“Teori her durumda statükoyu eleştirel analize tabi tutmalı ve onu değiştirme yolları bulup önermelidir. Fakat eğer sorun düşünce biçimimizden kaynaklanıyorsa düşünce biçimimizi değiştirmemiz öncelik hâline gelir. Bu da düşünce biçimimizi dolayısıyla teorileri şekillendiren paradigmal temellere inmemizi şart kılar.”
İki ciltten oluşan Neden Yeni Bir Sosyal Bilim Paradigması başlıklı çalışmanın elinizdeki “Modern Sosyal Bilimler ve Açmazları” alt başlıklı bu birinci cildi, böylesi bir paradigmal tartışmanın zeminini oluşturmayı hedeflemektedir. Bu maksatla, modernist sosyal bilimlerin tanımlarının ve kurumlaşma süreçlerinin irdelemesini takiben bu sosyal bilim anlayışının paradigmal temellerine inilmiş ve iki ana modernist paradigma olarak pozitivist ve hermeneutik sosyal bilim paradigmaları işlenerek her iki versiyonuyla modernist düşünce paradigmasının yarattığı açmazlardan bazıları sunulmuştur.
Genelde modernite, özelde kapitalist modernite, bugün insanlığı ekolojik ve toplumsal yıkımın eşiğine getirmiştir ve insanlığın yeni bir çıkışa ihtiyaç duyduğu aşikardır. Modernist sosyal bilimler ise bugüne değin egemenlikçi düşünce ve kültür kodları nedeniyle, toplumsal çözüm üretmekten ziyade modern kapitalist sistemin düşünce üretme departmanları gibi çalışmıştır.

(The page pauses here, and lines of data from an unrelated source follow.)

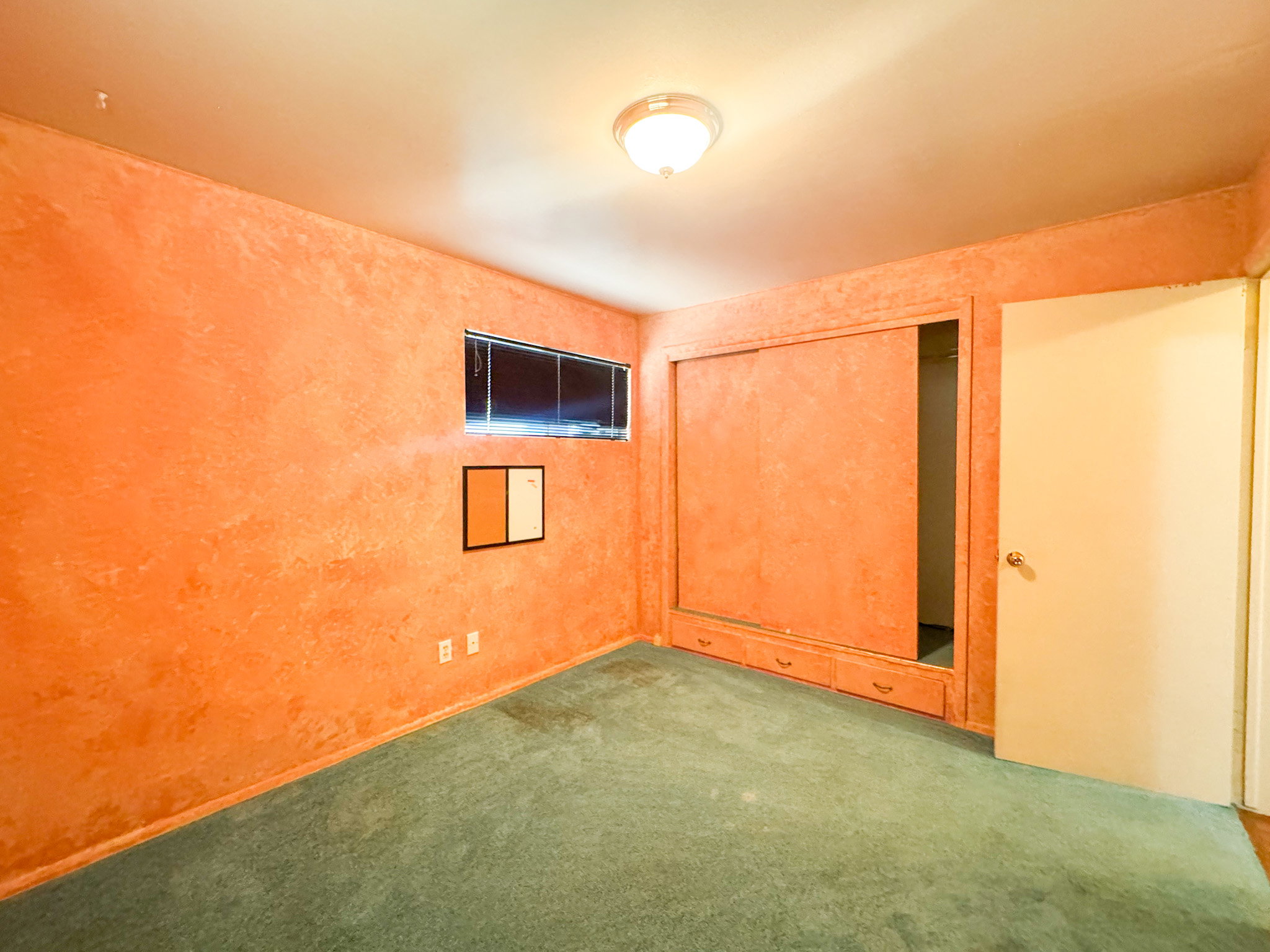 Interior room featuring textured orange walls, a horizontal window with blinds, and light green carpet flooring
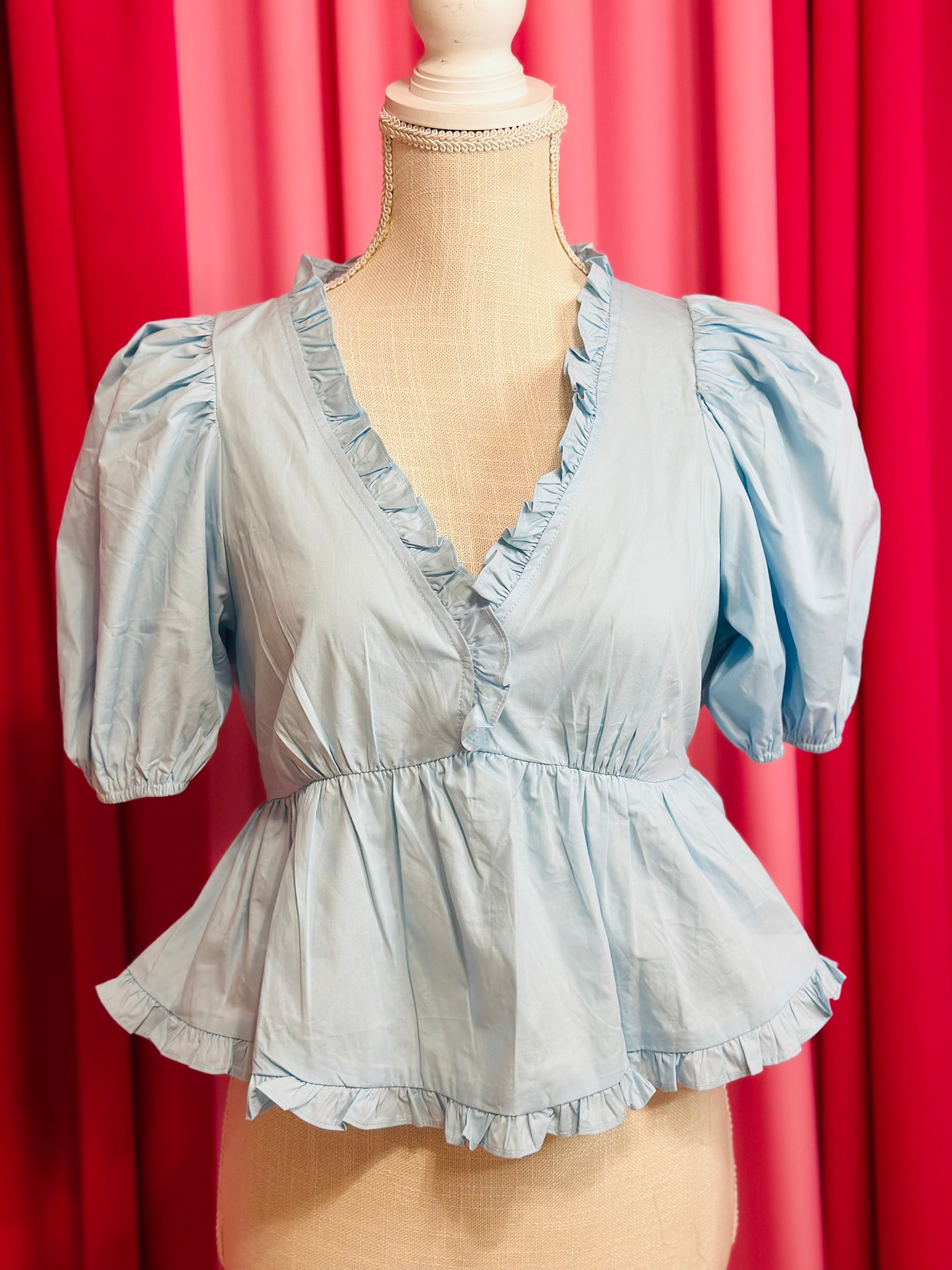 BLUE RUFFLED HEM TOP BY BRITT AND BELLE BOUTIQUE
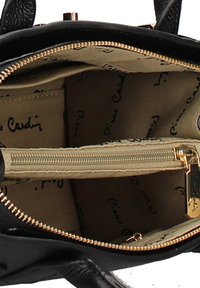 Borsa nera con zip dorata aperta che rivela l'interno beige stampato con il testo ripetuto in nero "Pierre Cardin".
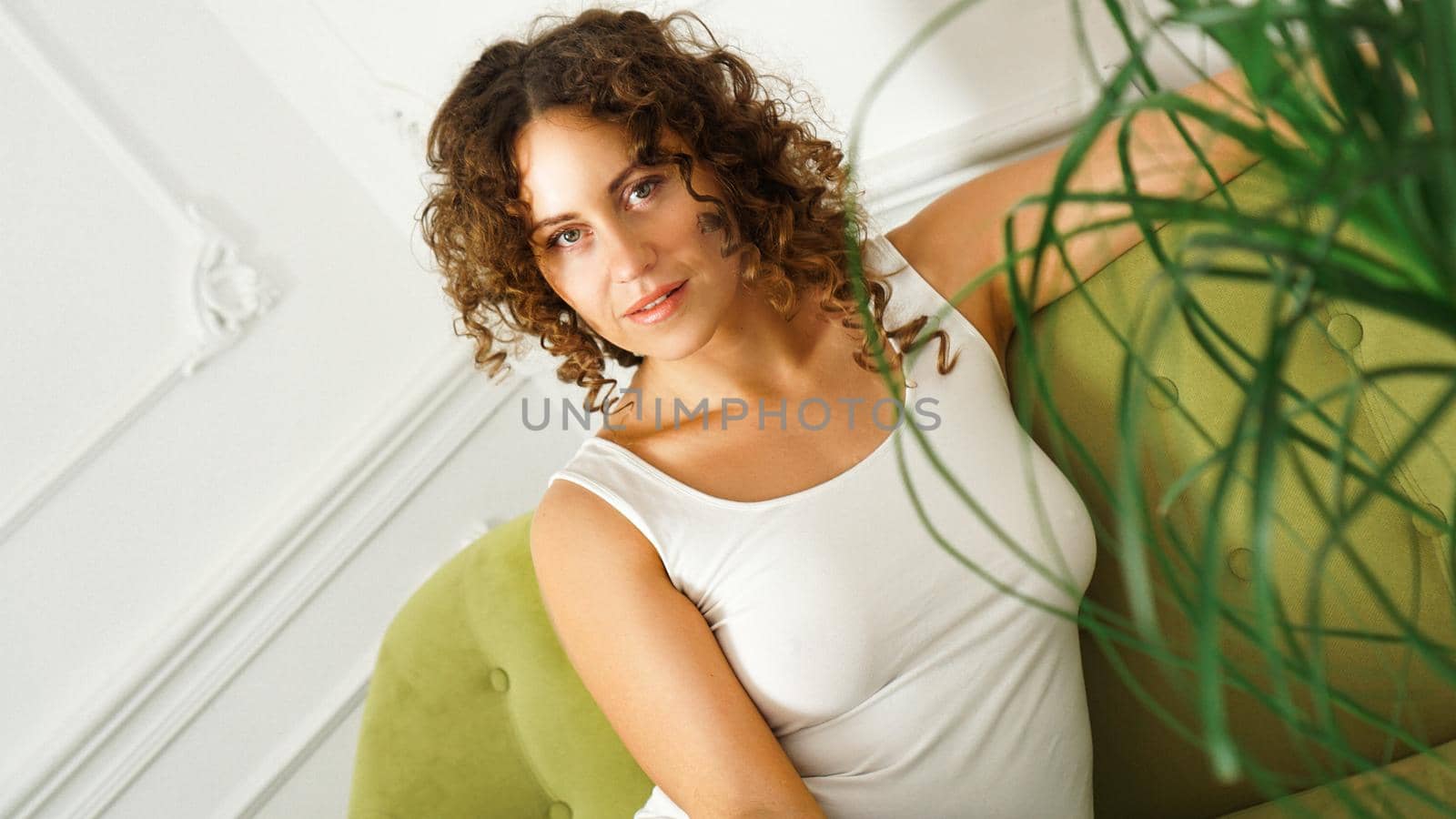 Relaxed lifestyle. Happy young woman with curly hair in white t-shirt spending time at home. Green sofa and white walls in room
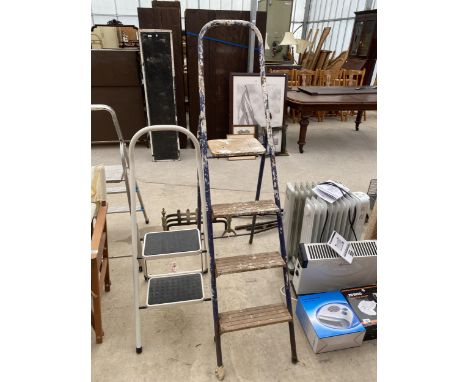 A TUBULAR METAL THREE RUNG STEP LADDER AND A FURTHER SMALL TWO RUNG STEP LADDER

Sömürgecilik, soykırım, ekolojik yıkım, cinsiyetçilik, dünya savaşları, açlık gibi insanlığın başına bela olmuş toplum karşıtı düşünce ve politikaların üretilmesine veya meşrulaştırılmasına kaynaklık eden modernist sosyal bilimlerin tabi tutulduğu bu eleştirel analiz, “Sosyal Bilimlerde Yeni Paradigma ve Özgürlük Sosyolojisi” alt başlıklı ikinci ciltte ele alınacak olan önerme ve tartışmalara; yani “çıkışa” yönelecek, eylemselleşmenin pusulası olacak yeni bir anlamlandırma ve bu anlamlandırmayı mümkün kılacak yeni bir sosyal analize ulaşmanın bir ön adımı olarak düşünülmelidir.